For the string "Premium", find every matching line in the records and copy it.

Excerpts from a dataset:

BEGIN

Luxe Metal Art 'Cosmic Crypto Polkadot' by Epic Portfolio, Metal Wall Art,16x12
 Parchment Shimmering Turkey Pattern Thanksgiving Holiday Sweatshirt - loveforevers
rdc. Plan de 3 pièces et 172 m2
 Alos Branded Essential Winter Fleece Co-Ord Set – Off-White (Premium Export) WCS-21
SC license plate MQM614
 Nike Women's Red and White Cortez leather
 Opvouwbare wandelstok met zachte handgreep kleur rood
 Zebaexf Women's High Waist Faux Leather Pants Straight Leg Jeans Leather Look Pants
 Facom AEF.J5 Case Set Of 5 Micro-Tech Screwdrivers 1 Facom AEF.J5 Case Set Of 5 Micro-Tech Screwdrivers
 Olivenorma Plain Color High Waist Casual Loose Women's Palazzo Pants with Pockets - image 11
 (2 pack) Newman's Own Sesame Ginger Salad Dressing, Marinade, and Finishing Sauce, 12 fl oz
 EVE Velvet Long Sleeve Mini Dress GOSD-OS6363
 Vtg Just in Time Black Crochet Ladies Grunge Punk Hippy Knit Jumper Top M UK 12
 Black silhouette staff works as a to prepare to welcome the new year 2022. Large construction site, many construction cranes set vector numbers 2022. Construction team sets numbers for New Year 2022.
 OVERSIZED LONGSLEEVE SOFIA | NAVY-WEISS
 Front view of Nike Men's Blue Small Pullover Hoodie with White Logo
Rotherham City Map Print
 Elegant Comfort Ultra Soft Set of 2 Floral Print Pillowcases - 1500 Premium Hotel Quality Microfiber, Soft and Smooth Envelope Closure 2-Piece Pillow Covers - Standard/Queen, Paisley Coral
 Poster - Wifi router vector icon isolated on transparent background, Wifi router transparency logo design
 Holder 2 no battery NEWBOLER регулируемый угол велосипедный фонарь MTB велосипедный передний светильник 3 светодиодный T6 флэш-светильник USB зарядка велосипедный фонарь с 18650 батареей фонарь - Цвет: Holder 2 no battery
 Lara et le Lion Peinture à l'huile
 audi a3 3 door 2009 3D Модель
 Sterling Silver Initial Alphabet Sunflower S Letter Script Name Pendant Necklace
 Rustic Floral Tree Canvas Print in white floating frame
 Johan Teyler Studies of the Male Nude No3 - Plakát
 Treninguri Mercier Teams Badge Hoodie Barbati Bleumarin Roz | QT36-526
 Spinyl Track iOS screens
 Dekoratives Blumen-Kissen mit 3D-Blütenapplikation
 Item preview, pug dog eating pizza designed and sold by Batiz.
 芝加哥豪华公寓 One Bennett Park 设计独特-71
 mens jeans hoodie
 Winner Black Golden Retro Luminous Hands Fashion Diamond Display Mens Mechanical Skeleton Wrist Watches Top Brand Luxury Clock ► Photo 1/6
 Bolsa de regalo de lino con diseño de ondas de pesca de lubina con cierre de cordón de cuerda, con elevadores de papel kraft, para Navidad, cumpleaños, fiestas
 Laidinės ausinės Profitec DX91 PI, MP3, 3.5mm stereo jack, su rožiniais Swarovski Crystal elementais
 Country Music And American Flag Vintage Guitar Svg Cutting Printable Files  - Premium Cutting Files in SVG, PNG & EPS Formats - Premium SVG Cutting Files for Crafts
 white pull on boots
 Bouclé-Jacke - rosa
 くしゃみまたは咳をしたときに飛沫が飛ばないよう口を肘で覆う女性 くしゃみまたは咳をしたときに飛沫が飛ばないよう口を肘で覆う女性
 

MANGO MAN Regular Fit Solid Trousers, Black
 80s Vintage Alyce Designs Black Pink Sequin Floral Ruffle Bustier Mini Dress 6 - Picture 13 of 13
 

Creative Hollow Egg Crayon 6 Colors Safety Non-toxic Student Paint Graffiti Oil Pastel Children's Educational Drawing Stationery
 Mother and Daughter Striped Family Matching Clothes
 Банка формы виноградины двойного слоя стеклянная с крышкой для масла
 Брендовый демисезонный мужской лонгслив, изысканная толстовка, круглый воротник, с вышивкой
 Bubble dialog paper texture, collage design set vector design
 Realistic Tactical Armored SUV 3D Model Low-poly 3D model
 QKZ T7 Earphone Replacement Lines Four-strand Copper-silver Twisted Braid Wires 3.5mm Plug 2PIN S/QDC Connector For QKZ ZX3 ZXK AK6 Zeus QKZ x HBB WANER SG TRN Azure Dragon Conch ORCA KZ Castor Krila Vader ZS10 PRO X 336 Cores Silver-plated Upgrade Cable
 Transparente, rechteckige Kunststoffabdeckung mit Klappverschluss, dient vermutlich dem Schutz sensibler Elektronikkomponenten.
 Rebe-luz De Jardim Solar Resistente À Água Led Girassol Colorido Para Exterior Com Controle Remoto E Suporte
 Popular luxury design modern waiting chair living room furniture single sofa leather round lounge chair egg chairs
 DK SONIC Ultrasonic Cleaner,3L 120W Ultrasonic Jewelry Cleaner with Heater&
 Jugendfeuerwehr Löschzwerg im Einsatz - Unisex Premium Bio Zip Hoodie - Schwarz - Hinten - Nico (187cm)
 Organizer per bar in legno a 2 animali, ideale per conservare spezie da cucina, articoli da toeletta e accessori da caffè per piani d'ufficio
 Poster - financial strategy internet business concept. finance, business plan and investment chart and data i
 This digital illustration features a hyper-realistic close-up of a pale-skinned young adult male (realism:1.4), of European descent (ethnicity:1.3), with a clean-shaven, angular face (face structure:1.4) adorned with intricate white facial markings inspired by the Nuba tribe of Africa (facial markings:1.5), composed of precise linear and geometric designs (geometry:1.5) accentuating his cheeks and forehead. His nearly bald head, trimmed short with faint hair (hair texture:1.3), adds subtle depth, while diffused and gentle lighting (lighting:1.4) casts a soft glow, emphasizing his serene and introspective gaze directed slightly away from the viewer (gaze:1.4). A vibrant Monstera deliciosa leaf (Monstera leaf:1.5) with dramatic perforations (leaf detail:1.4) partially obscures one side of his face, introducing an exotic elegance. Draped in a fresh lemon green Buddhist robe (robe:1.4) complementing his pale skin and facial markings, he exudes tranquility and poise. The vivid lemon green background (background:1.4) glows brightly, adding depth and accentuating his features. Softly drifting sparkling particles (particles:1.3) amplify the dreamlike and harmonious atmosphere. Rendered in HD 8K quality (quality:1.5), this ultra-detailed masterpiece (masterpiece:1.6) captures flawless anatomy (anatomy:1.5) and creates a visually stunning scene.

END

* **Solution for this task**:
 Alos Branded Essential Winter Fleece Co-Ord Set – Off-White (Premium Export) WCS-21
 Elegant Comfort Ultra Soft Set of 2 Floral Print Pillowcases - 1500 Premium Hotel Quality Microfiber, Soft and Smooth Envelope Closure 2-Piece Pillow Covers - Standard/Queen, Paisley Coral
 Country Music And American Flag Vintage Guitar Svg Cutting Printable Files  - Premium Cutting Files in SVG, PNG & EPS Formats - Premium SVG Cutting Files for Crafts
 Jugendfeuerwehr Löschzwerg im Einsatz - Unisex Premium Bio Zip Hoodie - Schwarz - Hinten - Nico (187cm)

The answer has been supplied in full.